Exercise
What is needed is every line from the one holding "this 1024×768 image." to the last line of the data below, printed exactly and without pictures.

Provided material

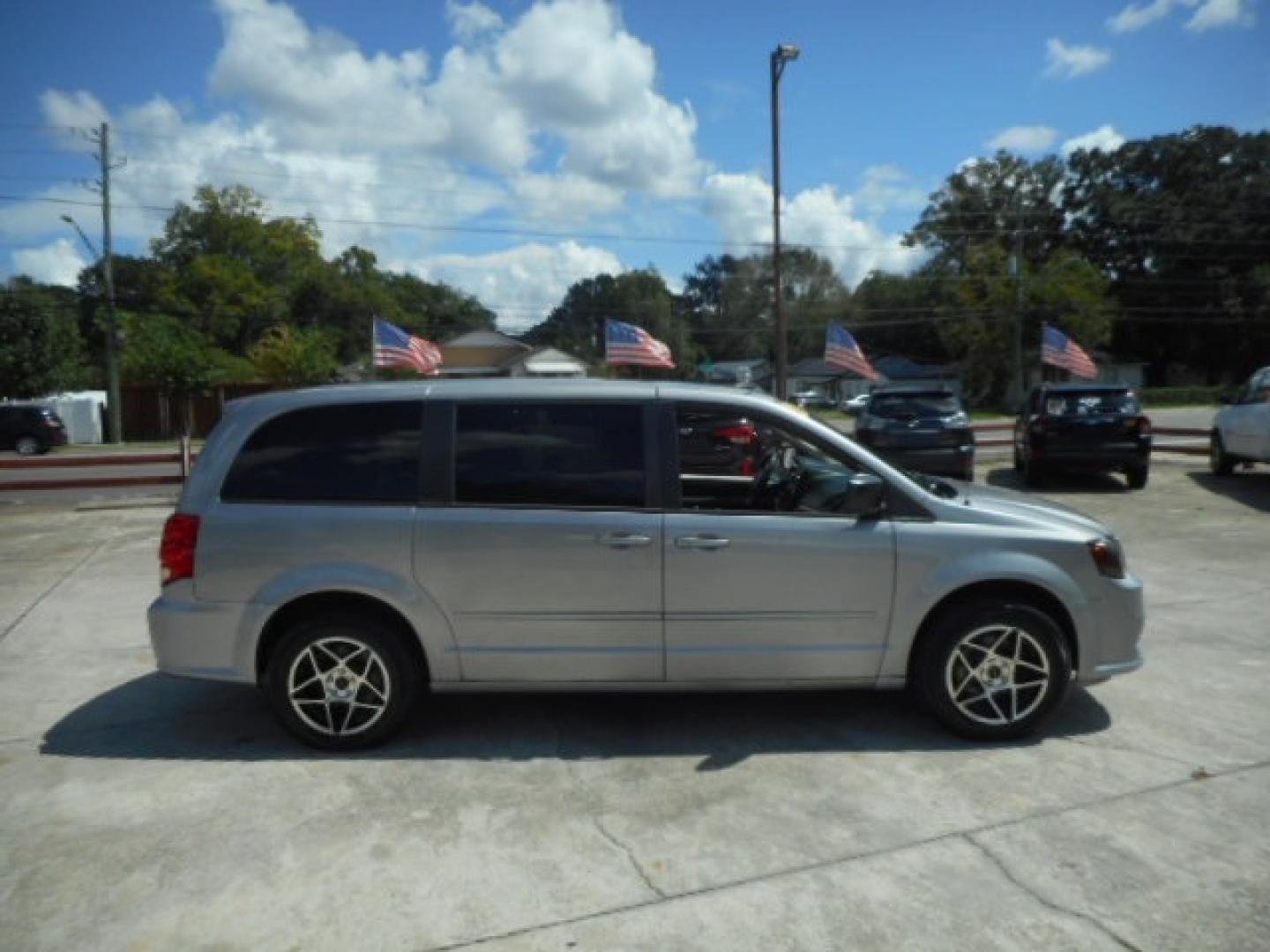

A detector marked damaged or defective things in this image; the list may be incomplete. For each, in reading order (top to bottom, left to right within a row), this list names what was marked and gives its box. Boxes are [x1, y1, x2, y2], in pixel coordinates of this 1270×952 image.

pavement crack [589, 822, 665, 904]
pavement crack [960, 837, 1143, 949]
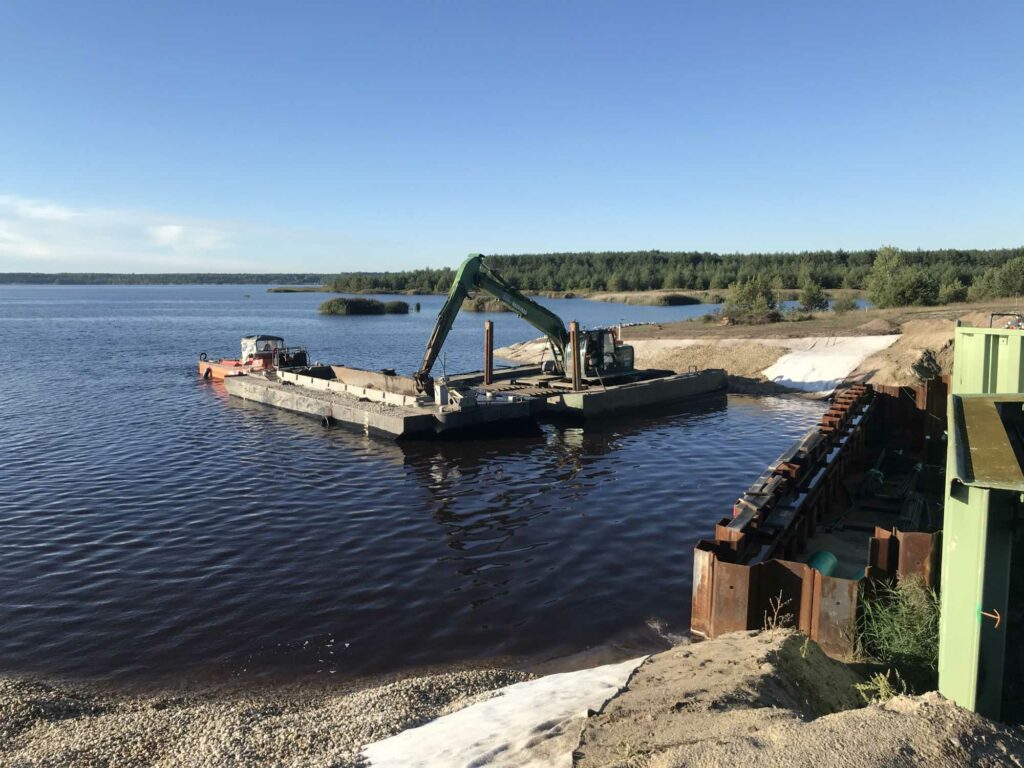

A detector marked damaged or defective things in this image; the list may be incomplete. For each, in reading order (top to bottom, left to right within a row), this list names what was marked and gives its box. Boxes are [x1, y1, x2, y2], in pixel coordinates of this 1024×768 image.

rusty sheet pile [696, 384, 944, 660]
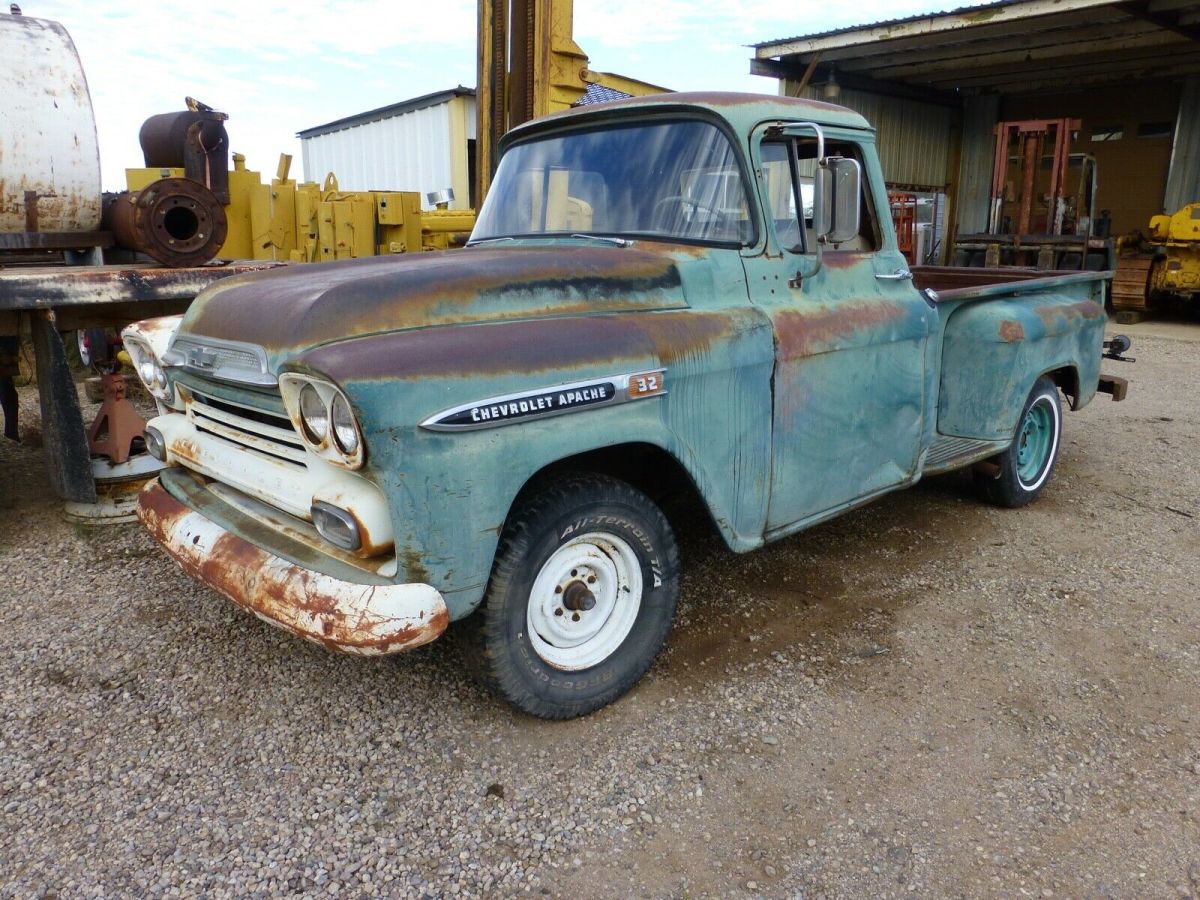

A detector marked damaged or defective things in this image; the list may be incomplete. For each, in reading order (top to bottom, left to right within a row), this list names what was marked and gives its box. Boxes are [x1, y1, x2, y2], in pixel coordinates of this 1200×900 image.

rusty industrial equipment [102, 177, 229, 268]
rusty industrial equipment [956, 120, 1112, 274]
rusty hood [175, 246, 688, 366]
rusted truck body [126, 95, 1120, 716]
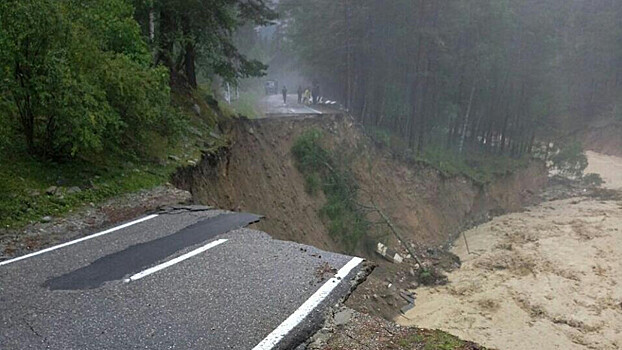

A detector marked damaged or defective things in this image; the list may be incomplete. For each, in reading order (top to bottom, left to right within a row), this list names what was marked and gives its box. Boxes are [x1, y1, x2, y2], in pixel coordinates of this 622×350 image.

cracked asphalt [0, 209, 364, 348]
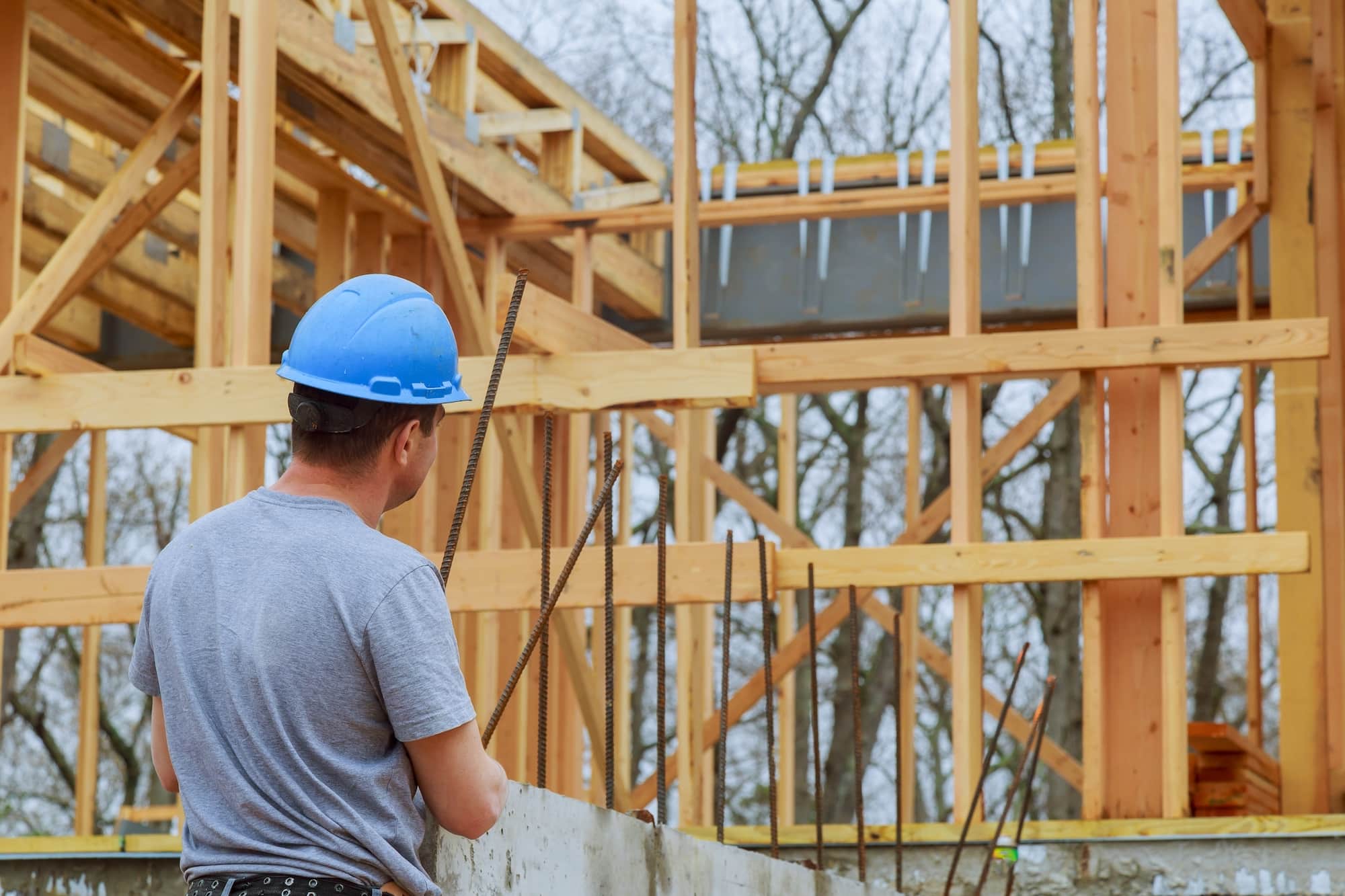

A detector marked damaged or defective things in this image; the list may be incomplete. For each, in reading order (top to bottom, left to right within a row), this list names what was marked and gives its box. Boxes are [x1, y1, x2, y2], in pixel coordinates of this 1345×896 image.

Your response
A detector marked damaged or defective things in this image; the list may be incomplete. For each, in reading order (top to bottom, left to right within a row), this list names what was marked and gives its box. Boxes are [x1, y1, x2, y2], in pixel coordinates of this 1024×768 image.

rusty sheet pile [696, 384, 944, 660]

A detector marked damaged or defective things in this image; the list may be incomplete. For each, in reading order (top to bottom, left to right within a row), this list names what was marked and gives its box. Boxes are [x1, y1, x2, y2], in pixel coordinates of this 1200×900 image.

rusty industrial equipment [102, 177, 229, 268]
rusty industrial equipment [956, 120, 1112, 274]
rusty hood [175, 246, 688, 366]
rusted truck body [126, 95, 1120, 716]

A detector marked damaged or defective things in this image; the list may be incomplete. For each, in reading order (top to bottom, left to right within a row), this list names what was marked and gives its box. Boxes are [x1, y1, x2, y2], in pixel coordinates of this 622×350 image.

cracked asphalt [0, 209, 364, 348]

A detector marked damaged or defective things in this image; the list may be incomplete. For each, in reading order (top to bottom, left to right within a row), this list names what was marked and gives its box. Boxes are [x1, y1, x2, y2], in pixel coordinates of this 1345×896 image.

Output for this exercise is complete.